MCATs both with 46 and same registry. Freaky

 

[MCAT4life]

talking about freaky lol.. and having a sharp eye for catching lol.. anyways, I figure you'd have something to add on my explanation being a (Chem fanatic and all!) so I guess my explanation was ok after all 🙂

 

[fizzgig]

So osmotic pressure is the pressure I must apply to prevent osmosis by a pure solvent. E.g. it is the pressure I need to apply on the far right of this U tube to bring the 1M saline solution even with the pure water...

What I'm not understanding is, does this osmostic pressure actually exist when i don't apply this pressure. We talk about osmotic pressure causing or preventing fluid flow in blood, but the osmotic pressure in these examples is the amount of pressure I have to put on the 1M saline to eliminate the delta, so it appears that osmotic pressure isn't actually there...

first note that the picture is a time lapse (might be obvious to everyone else but i had a moment of confusion). start with 2M and water exerts a force (wants to move over to saline side). the flow slows and stops as the building hydrostatic pressure goes up, til the osmotic pressure (how much water wants to move ) equals the hydrostatic pressure of holding one column of water higher than the other.

yes, the osmotic P is the force you'd have to apply to prevent any water movement, so the force of the displaced water column in (c) is that force. you could apply that force to (a) to begin with and if you held that pressure in place no movement would take place. (i believe)

yes, even if you don't do anything that force 'still exists'. if the osmotic force didnt continue to exist then the extra column of fluid wouldn't have anything holding it up anymore. gotta have equal and opposite force for static equilibrium.

ppl feel free to correct if i misstated anything.

 

[MCAT guy]

first note that the picture is a time lapse (might be obvious to everyone else but i had a moment of confusion). start with 2M and water exerts a force (wants to move over to saline side). the flow slows and stops as the building hydrostatic pressure goes up, til the osmotic pressure (how much water wants to move ) equals the hydrostatic pressure of holding one column of water higher than the other.

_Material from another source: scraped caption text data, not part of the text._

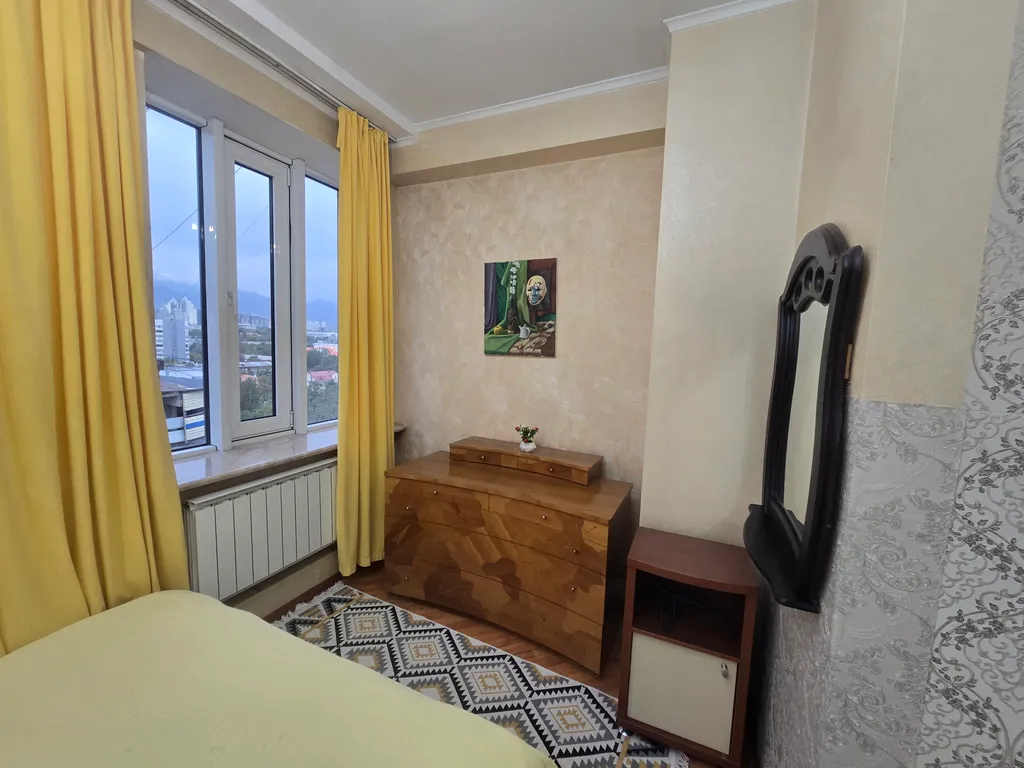 Квартира Двухкомнатная квартира в Золотом квадрате — Алматы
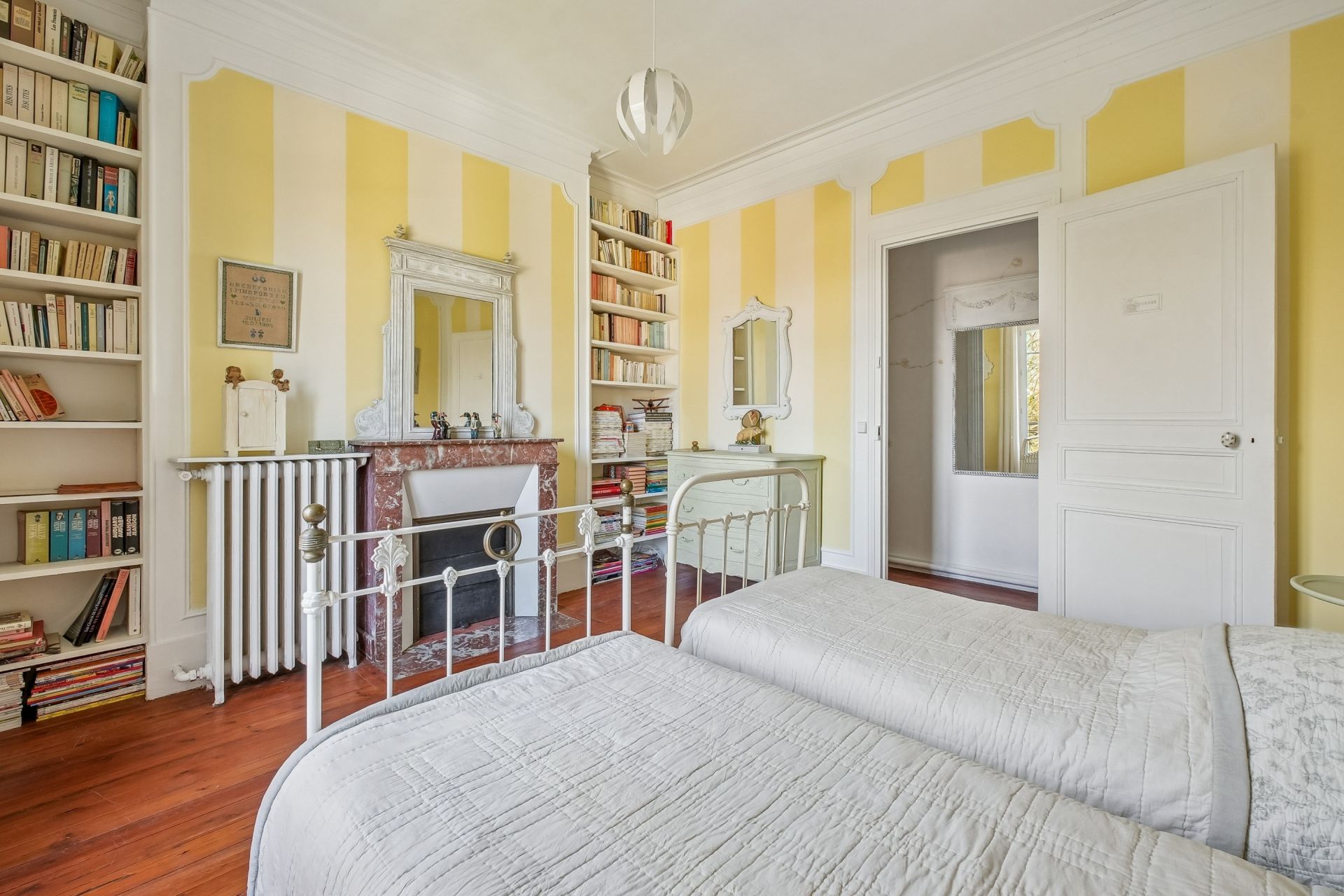 luxury house 10 Rooms for sale on MARLY LE ROI (78160)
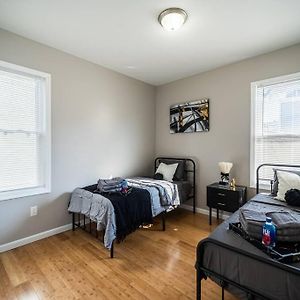 6 Mins From Ewr Airport Cozy 3 Bedroom Apartment Newark Exterior photo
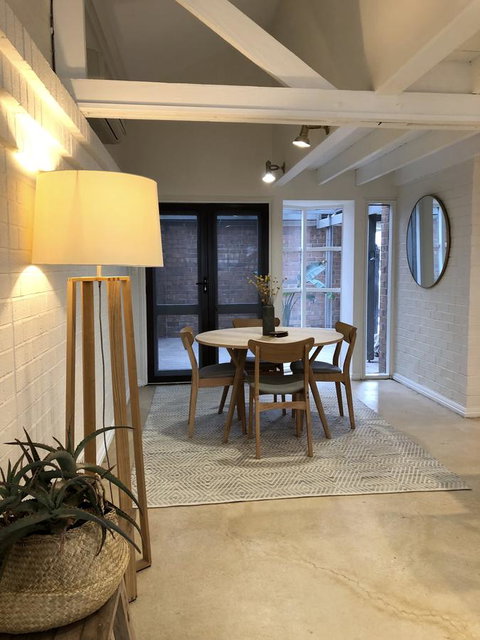 The Loft - Beautiful Central Barossa Apartment - Travel Search 3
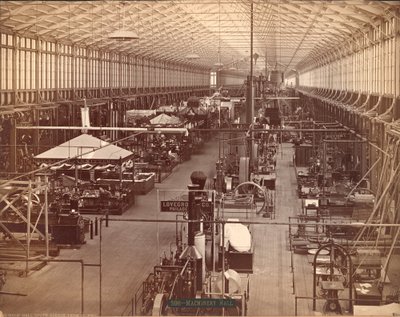 Machinery Hall, South Avenue, Exposition internationale du centenaire de Philadelphie, 1876 - American Photographer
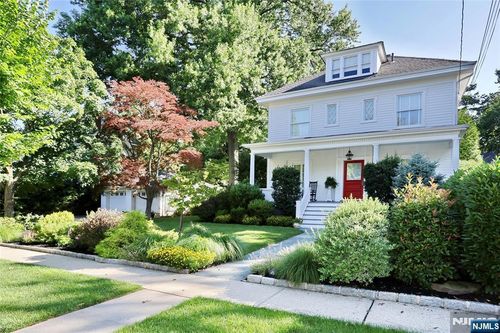 339 Highwood Ave, Leonia, NJ, 07605-2021 | Card Image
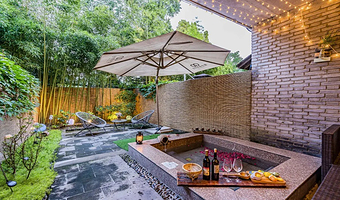 【庭院私汤温泉】郑州江南春温泉度假酒店1晚+郑州江南春温泉（可选双人或2大1小套餐）+手工4选1+湿地乐园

yes, the osmotic P is the force you'd have to apply to prevent any water movement, so the force of the displaced water column in (c) is that force. you could apply that force to (a) to begin with and if you held that pressure in place no movement would take place. (i believe)

yes, even if you don't do anything that force 'still exists'. if the osmotic force didnt continue to exist then the extra column of fluid wouldn't have anything holding it up anymore. gotta have equal and opposite force for static equilibrium.

ppl feel free to correct if i misstated anything.

Thanks guys, I understand this idea better now.